Superbactérias: o outro campo de caça da IA
Foi no Massachusetts Institute of Technology que o professor James Collins propôs inverter a lógica: se as bactérias evoluem mais rápido do que nossa capacidade de desenvolver e produzir medicamentos, por que não colocar a descoberta de novos antibióticos nas mãos de um sistema capaz de trabalhar na escala delas?

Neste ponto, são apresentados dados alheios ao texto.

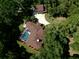Aerial view of a house with a screened pool, detached garage and landscaped yard surrounded by trees at 35350 County Road 439, Eustis, FL 32726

Para isso, o modelo foi primeiro alimentado com tudo o que a farmacologia acumulou em um século: estruturas de antibióticos já conhecidos, mecanismos de ação, morfologia bacteriana e perfis de toxicidade. A meta era ensiná-lo a identificar, na geometria de uma molécula, sinais que indiquem potencial atividade antibacteriana.
Depois de adquirir essa capacidade de generalização, o algoritmo partiu para uma busca que nenhuma equipa humana conseguiria realizar: 45 million de estruturas químicas avaliadas - não testadas no laboratório, mas estimadas por inferência. Em vez de seguir na base de tentativa e erro, o sistema calculou de imediato a probabilidade de cada estrutura dar certo, simulando a interação entre a molécula e as bactérias.
Com sucessivas iterações e ajustes na estrutura molecular das opções mais promissoras, o modelo chegou a 36 million novos compostos. "Em poucas horas ou poucos dias, podemos analisar imensas bibliotecas de compostos químicos para identificar aqueles que apresentam atividade antibacteriana", explica James Collins.
Entre os que foram sintetizados e colocados frente a bactérias reais, dois demonstraram eficácia concreta contra linhagens resistentes, por mecanismos de ação suficientemente diferentes dos antibióticos existentes para contornar, ao menos por algum tempo, as defesas que as bactérias construíram.
À primeira vista, duas moléculas em 36 million pode parecer uma taxa de sucesso mínima, mas é justamente o contrário. Em farmacologia e bioinformática, muitos programas de desenvolvimento de medicamentos terminam após anos de trabalho sem que qualquer molécula ultrapasse sequer a etapa pré-clínica. Encontrar duas candidatas plausíveis - mesmo sem autorização de comercialização - sugere que o bloqueio era, em grande parte, tecnológico e cognitivo: as nossas próprias metodologias de pesquisa, que agora revelam seus limites. E, embora seja claro que a IA não vai resolver sozinha a antibiorresistência, fica cada vez mais evidente que, sem ela, só restaria continuar a explorar lentamente, às cegas, a terra incognita onde se escondem os antibióticos de amanhã.